> TASK PROMPT
For the records below, copy exactly the span that begins at the line containing "A woman practices" and stops after the line containing "Bracelet et boucle d'oreille en corail", minus any pictures.

> THE DATA
━━━━━━━━
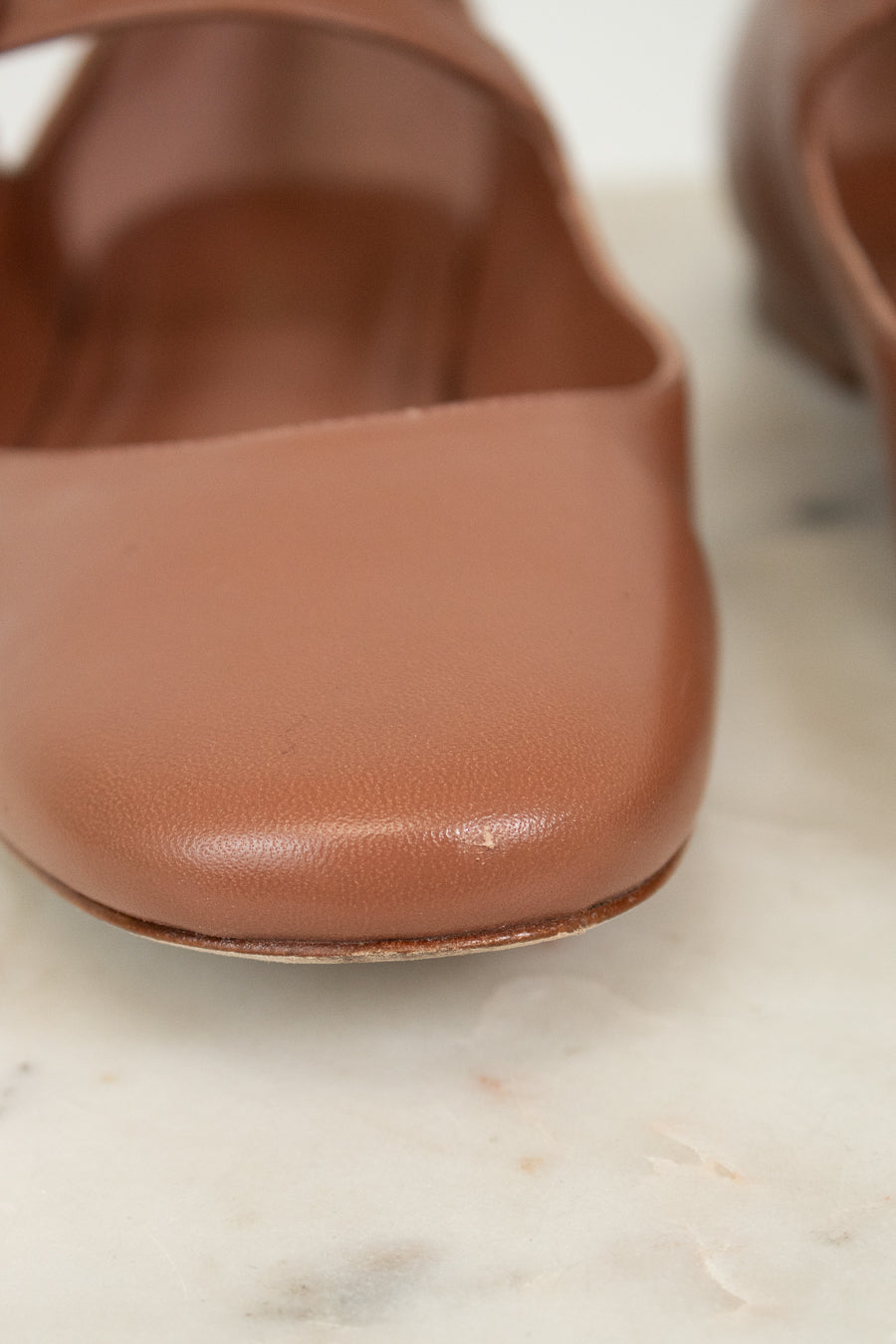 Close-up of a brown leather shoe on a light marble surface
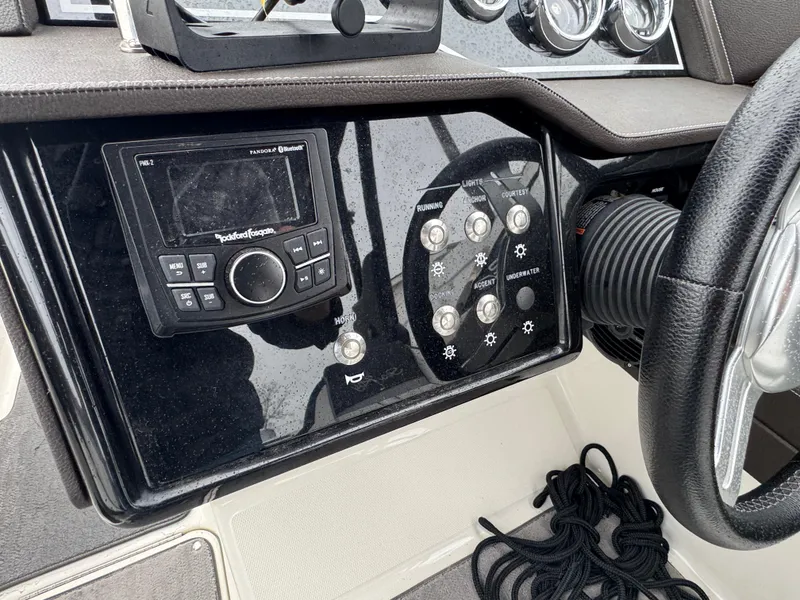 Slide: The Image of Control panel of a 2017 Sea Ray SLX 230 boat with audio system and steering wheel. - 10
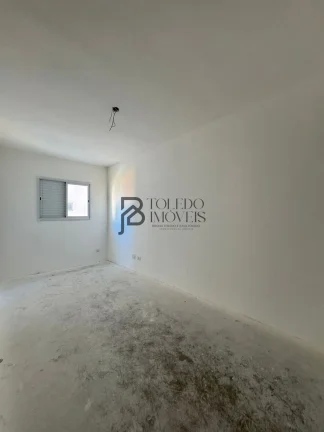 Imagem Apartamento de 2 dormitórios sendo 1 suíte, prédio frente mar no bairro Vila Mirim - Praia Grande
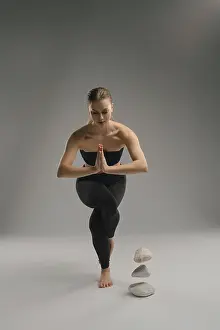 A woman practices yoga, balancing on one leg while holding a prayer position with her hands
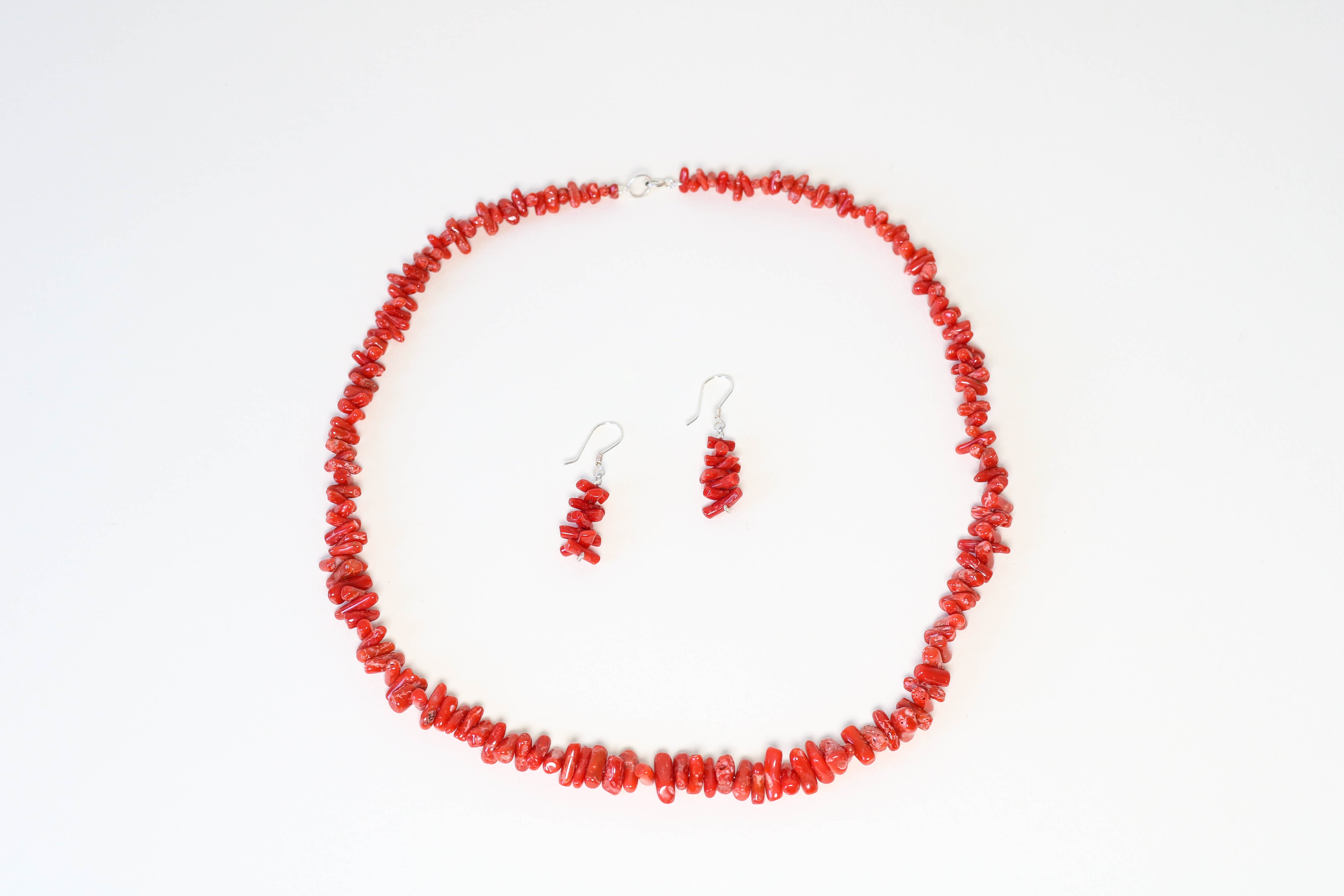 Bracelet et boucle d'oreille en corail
━━━━━━━━
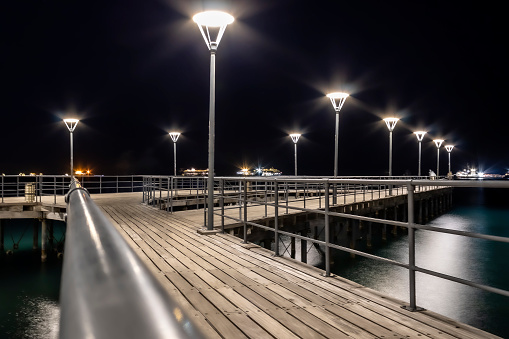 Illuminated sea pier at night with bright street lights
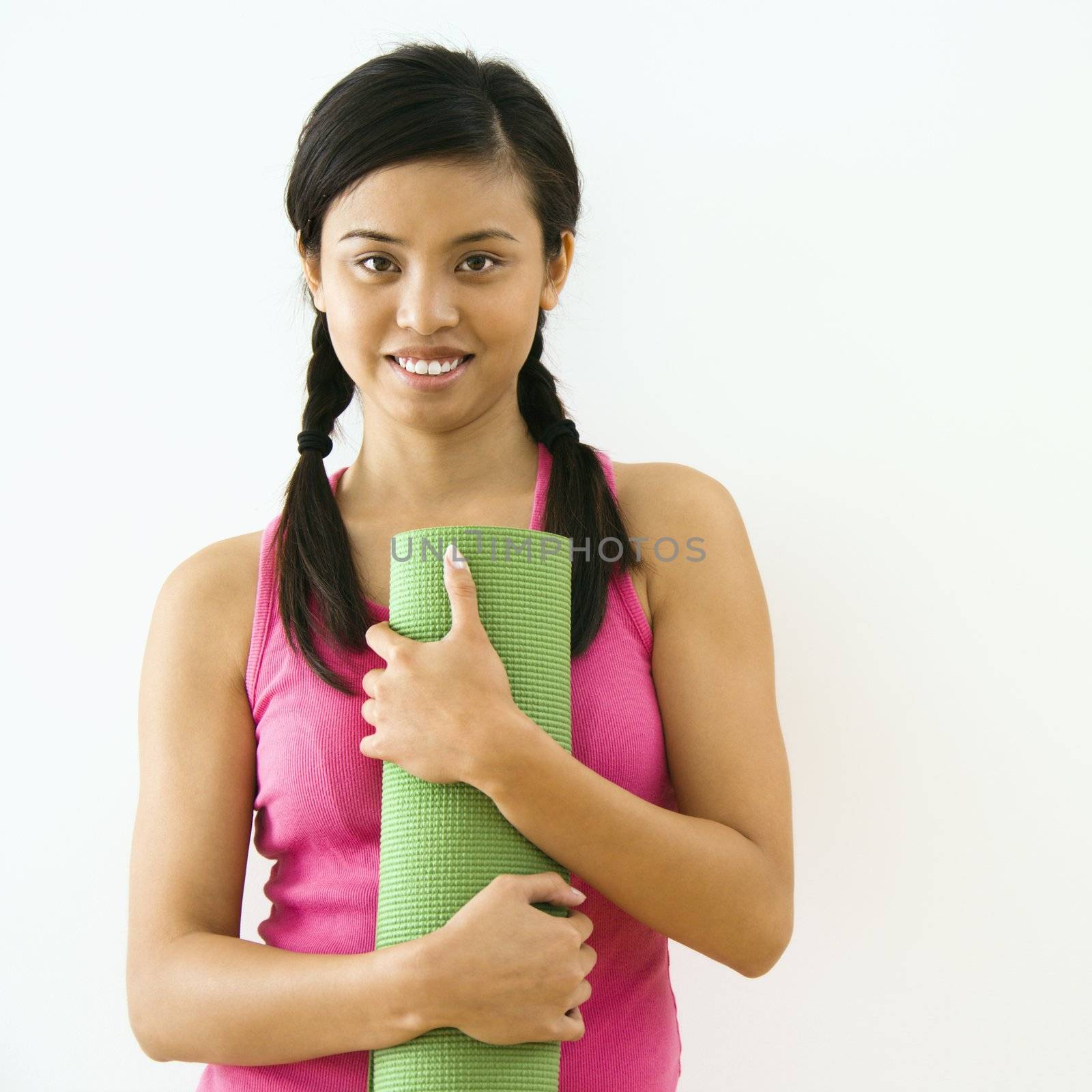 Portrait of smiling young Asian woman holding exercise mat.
━━━━━━━━
> YOUR RESPONSE
 A woman practices yoga, balancing on one leg while holding a prayer position with her hands
 Bracelet et boucle d'oreille en corail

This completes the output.